Б. М. Кустодиев
Шрифт:
Впрочем, в этом любопытстве с ними соперничали и все другие свидетели подобных событий. «Аль ты свадьбы-то смотришь, как мы, грешные? — говаривала одна героиня Островского. — Мы так глаза-то вытаращим, что не то что бриллианты, а все булавки-то пересчитаем».
Впоследствии Кустодиев жаловался на свой «фотографический» глаз, схватывавший любую подробность и как бы толкавший художника к дотошному воспроизведению всего увиденного — не только «бриллиантов», но и «булавок».
Однако какую спасительную роль сыграет впоследствии эта его памятливость! «Я помню купчих, которые жили за нашим домом в Астрахани, помню, во что была одета та или другая купчиха или купец», — уверял он десятилетия
Мир так и ломился в его глаза всем своим ошеломляющим разнообразием и богатством.
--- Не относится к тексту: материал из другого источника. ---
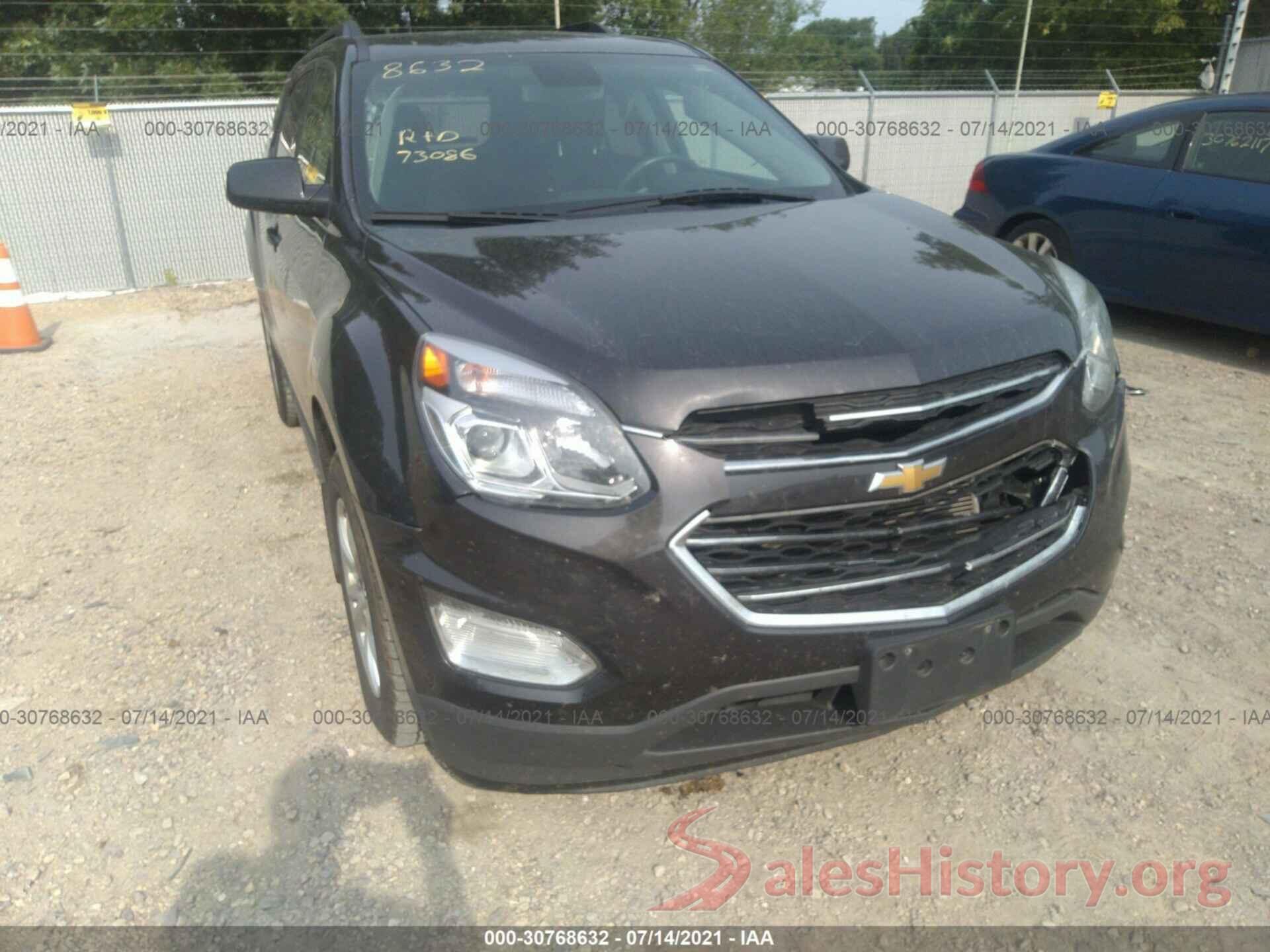 2GNALCEK2G6336913 2016 CHEVROLET EQUINOX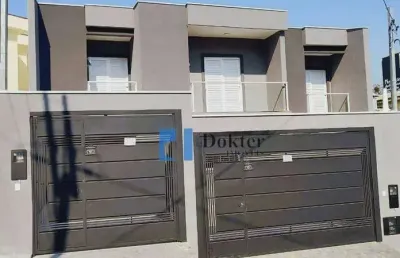 Sobrado à venda, 135 m² por r$ 680.000,00 - freguesia do ó - são paulo/sp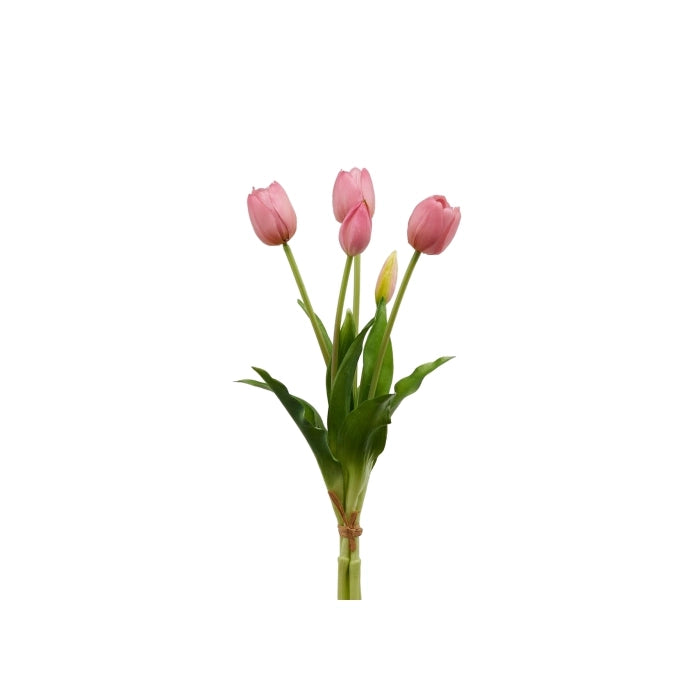 EDG - Mazzo Tulipani Glicine artificiali Soft Real Touch – Garden Foggia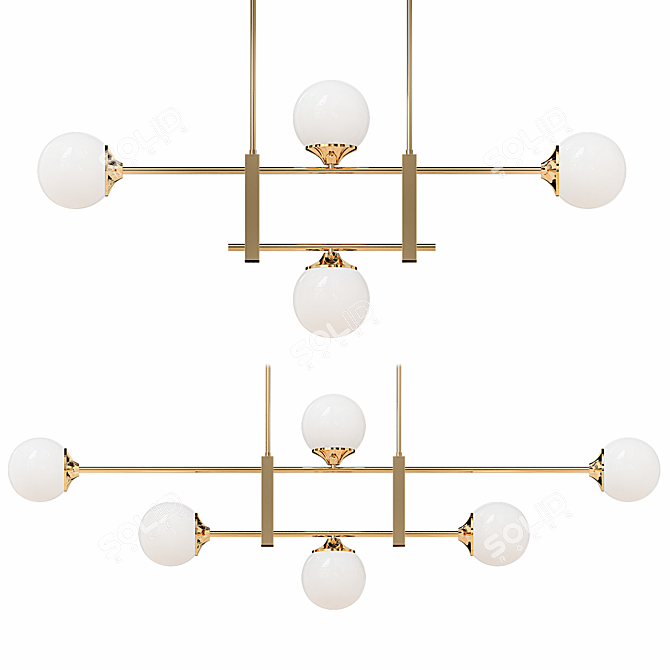 APODIS 2013 Model - V-Ray Render 3D model image 1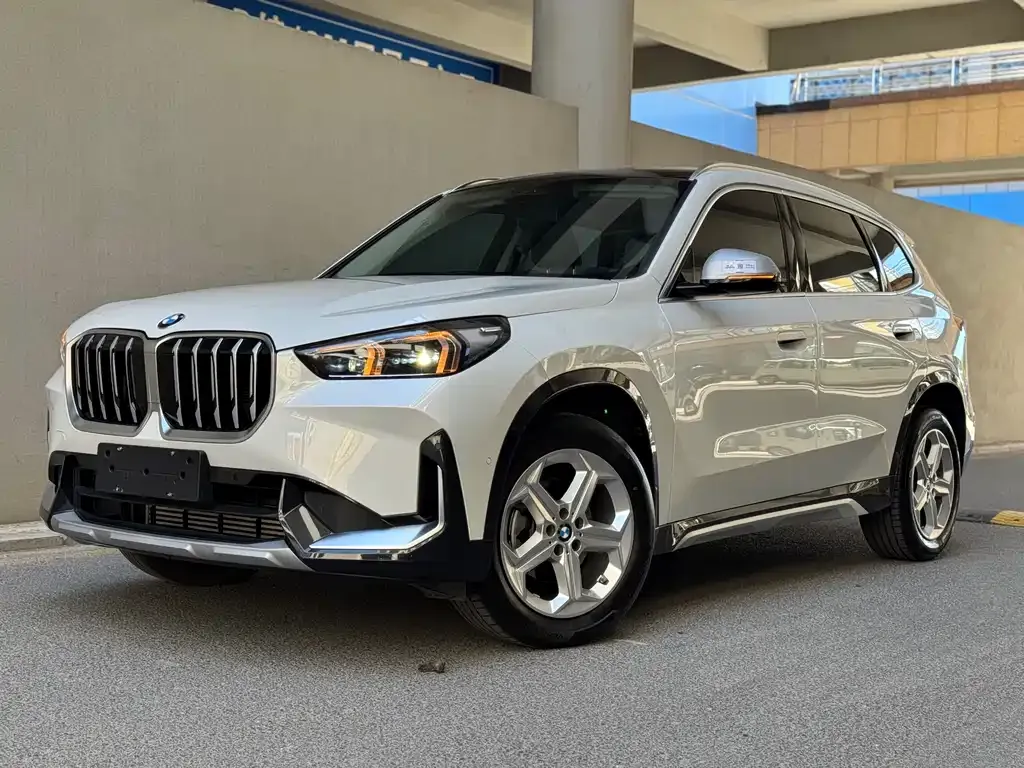 BMW X1 — фото 1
Зазывали к себе вывески лавок, манил гостиный двор, где можно было часами рассматривать всякие диковины; даже чинное стояние в церкви оборачивалось красочным зрелищем: «…сверкающие оклады икон, отблеск догорающей свечи на серебре прельщали не менее украшавших образа кусков ярко расшитого бархата, — он помнит снопы ярких цветов на лиловом фоне…»
Так рассказывал Кустодиев Воинову, а кое-что добавлял и рисунками, которые делал к задуманной Всеволодом Владимировичем монографии: вот река, прямо-таки набитая судами и лодками, эпизод базарного торга, мальчишки запускают змея, или возвращаются с рыбалки, или жадно, отталкивая друг друга, смотрят в щель забора на что-то необычайно интересное.
А ярмарочные балаганы с их простодушным шутовством и варварской оргией звуков и красок!
А театр! Пятилетним увидел Борис Кустодиев оперу Глинки «Жизнь за царя» и, кажется, с той поры стал «завзятым театралом» (если, конечно, не было «очень уж тонко и круто в финансовом отношении»).
«В провинции в то время, — вспоминал свое детство актер Б. А. Горин-Горяинов, — работало много хороших декораторов, которые ухитрялись при сравнительно небольших затратах делать „грандиозные“ постановки. Некоторые из этих декораторов были настоящими художниками… На сцене ходили „настоящие“ поезда, шли проливные дожди, низвергались подлинные водопады, били фонтаны… Некоторые пьесы, как „Снегурочка“ Островского, например, обставлялись вполне „феерически“, строго по автору, без малейших упрощений, а иногда и обгоняя фантазию автора. На сцену наметало целые сугробы снега, с колосников эффектно слетала Весна; к ней устремлялись стаи птиц; Снегурочка таяла и исчезала на глазах у публики… лесные пни превращались в леших и прочую нечисть; неожиданно из-под земли вырастали леса…»[7].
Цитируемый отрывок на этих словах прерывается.